The sense was that this was less for those who lived in the place, and more for those who were thinking of visiting or indeed had done so already, as the feeling of being in a location that is unfamiliar, which is how the Jack character feels as he struggles with the language, is what runs through this most strongly. Perhaps Delpy had spent enough time away from Paris by the stage she made her film that she could sympathise with those who were left bewildered by its people, although she does like to make out its denizens to be as eccentric as possible, sometimes in a warm hearted fashion, as with Marion's parents (who were played by Delpy's actual parents).
But other times you get the impression she's less well disposed towards the Parisians, with every taxi driver they meet displaying some kind of unpleasant trait, be it racist or anti-homosexual, or even simply being overbearing with respect to women as the driver who tells Marion he'd like to give her children was. It's as if Delpy didn't want to sugar coat her take on the area and its population, so this was less a love letter than you might have expected, and actually the love affair that it depicts, the one between Jack and Marion, goes seriously off the rails with the sense that it's somehow the fault of the city and what it has done to them.

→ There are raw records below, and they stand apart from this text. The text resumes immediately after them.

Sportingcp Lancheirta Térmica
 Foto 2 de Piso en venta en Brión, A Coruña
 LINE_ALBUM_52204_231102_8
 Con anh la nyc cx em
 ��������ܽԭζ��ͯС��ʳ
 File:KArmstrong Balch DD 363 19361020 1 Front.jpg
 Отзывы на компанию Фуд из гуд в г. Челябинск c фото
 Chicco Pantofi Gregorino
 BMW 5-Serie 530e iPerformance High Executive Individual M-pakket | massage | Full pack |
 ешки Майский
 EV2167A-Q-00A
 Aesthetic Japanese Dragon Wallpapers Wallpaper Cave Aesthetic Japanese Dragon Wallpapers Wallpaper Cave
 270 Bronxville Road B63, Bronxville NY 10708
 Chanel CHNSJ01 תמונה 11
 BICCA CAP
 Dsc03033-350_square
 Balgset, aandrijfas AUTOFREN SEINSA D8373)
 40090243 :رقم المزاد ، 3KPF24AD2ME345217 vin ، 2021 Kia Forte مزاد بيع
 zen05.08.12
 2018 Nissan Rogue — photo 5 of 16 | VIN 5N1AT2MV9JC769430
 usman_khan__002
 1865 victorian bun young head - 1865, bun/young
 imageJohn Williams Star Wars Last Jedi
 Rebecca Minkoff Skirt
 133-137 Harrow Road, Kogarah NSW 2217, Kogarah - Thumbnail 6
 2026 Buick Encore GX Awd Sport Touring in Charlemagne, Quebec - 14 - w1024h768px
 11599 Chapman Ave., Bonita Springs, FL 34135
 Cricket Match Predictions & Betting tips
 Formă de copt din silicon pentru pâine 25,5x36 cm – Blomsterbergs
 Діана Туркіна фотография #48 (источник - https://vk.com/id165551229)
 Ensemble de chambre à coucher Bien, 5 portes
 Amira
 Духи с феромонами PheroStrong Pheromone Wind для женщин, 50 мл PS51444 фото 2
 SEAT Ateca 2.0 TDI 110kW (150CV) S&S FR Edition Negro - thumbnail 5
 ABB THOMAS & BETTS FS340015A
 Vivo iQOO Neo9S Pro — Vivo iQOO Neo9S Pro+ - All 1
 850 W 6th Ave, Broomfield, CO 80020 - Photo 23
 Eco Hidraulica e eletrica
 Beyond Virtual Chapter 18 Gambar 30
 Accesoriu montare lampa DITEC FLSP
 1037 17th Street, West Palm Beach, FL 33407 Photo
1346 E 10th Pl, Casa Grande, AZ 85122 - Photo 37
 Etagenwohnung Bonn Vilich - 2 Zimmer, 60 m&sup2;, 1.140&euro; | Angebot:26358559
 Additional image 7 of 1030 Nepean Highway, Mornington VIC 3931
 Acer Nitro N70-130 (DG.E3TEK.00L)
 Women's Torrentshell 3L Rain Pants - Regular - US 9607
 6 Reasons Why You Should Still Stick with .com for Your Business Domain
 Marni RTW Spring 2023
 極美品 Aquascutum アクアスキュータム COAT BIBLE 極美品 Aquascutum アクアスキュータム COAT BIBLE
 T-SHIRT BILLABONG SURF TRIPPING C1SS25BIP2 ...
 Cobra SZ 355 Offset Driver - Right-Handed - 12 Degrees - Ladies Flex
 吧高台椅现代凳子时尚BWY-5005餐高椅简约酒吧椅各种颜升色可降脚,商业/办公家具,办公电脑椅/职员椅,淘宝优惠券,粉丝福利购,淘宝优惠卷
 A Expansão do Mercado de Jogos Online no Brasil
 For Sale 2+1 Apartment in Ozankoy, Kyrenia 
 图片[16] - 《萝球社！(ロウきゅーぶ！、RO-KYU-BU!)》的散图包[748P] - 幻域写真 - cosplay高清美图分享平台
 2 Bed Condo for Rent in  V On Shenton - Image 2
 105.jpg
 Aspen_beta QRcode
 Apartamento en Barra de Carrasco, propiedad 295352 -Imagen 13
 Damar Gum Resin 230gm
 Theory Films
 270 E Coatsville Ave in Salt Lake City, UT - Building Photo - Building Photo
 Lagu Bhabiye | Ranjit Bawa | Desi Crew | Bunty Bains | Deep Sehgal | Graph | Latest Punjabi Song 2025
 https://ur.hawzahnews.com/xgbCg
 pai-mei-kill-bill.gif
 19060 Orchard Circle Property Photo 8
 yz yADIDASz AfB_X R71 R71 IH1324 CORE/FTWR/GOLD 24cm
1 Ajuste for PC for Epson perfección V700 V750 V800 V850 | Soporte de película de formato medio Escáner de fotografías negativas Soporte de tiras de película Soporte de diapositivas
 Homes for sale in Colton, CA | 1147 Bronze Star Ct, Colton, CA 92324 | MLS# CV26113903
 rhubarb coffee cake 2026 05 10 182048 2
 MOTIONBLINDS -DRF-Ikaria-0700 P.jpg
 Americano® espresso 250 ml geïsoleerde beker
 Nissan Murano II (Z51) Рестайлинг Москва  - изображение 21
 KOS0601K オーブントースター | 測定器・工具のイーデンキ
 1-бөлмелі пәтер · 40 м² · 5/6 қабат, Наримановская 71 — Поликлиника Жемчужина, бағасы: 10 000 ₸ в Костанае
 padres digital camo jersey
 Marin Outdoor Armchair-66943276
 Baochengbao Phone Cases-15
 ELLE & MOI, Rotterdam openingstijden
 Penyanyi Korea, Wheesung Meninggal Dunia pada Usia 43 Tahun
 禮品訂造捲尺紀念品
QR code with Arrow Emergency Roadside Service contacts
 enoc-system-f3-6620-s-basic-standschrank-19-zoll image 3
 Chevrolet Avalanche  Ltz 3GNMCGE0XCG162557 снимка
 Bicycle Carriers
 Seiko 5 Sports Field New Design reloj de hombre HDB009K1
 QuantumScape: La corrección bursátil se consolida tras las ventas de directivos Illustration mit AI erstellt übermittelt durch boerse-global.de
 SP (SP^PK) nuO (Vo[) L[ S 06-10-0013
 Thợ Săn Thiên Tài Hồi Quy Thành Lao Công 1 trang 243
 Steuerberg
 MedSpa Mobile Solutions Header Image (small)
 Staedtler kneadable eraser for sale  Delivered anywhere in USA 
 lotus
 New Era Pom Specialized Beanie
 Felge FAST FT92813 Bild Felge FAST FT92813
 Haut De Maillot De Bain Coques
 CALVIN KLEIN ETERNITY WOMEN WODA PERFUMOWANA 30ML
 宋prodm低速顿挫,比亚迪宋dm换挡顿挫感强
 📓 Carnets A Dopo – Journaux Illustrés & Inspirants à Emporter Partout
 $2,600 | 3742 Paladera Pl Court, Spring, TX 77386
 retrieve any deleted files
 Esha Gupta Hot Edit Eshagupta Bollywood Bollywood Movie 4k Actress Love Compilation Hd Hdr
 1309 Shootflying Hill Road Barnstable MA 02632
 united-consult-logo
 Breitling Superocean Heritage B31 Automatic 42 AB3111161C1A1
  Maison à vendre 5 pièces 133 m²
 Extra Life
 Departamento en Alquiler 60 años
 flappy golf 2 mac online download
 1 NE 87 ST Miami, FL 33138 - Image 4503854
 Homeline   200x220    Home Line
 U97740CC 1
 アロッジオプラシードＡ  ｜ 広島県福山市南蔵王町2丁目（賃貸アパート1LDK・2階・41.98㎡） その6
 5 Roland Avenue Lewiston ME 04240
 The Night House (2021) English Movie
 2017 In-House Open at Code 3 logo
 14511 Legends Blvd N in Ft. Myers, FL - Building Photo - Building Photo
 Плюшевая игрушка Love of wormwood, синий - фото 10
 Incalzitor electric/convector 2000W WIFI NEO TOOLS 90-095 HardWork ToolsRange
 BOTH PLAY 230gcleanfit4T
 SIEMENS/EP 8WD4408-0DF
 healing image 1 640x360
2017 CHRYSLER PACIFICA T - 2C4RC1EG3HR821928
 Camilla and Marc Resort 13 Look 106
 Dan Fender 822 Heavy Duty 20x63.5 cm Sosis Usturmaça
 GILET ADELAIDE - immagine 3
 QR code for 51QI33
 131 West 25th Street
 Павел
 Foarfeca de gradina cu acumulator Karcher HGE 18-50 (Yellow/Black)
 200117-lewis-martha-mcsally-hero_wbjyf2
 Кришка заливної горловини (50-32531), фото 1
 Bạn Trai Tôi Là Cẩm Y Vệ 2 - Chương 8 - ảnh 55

The middle section is the best, where the story calms down after all that idiosyncrasy of the opening, a period that seems frantically trying to engage with the attention of the audience, and we can get to know the couple as they make their way around the streets and Jack acquaints himself with the people Marion used to know. This includes her sister Rose (Alexia Landeau), who she becomes jealous of when she notices Jack talking to her and she can't hear what the conversation is about so expects the worst, but actually Jack ends up feeling that envy more sharply. He cannot get used to the idea that they keep bumping into Marion's exes, and the notion that to get along with someone you love means having to accept they have a past, just as you do, is what concerns the remainder of the film, where it turns more serious and less lively. All in all, it's a bit like three films packed into one, but when it's good, it is worthwhile. Music by Delpy and Gustav Heden.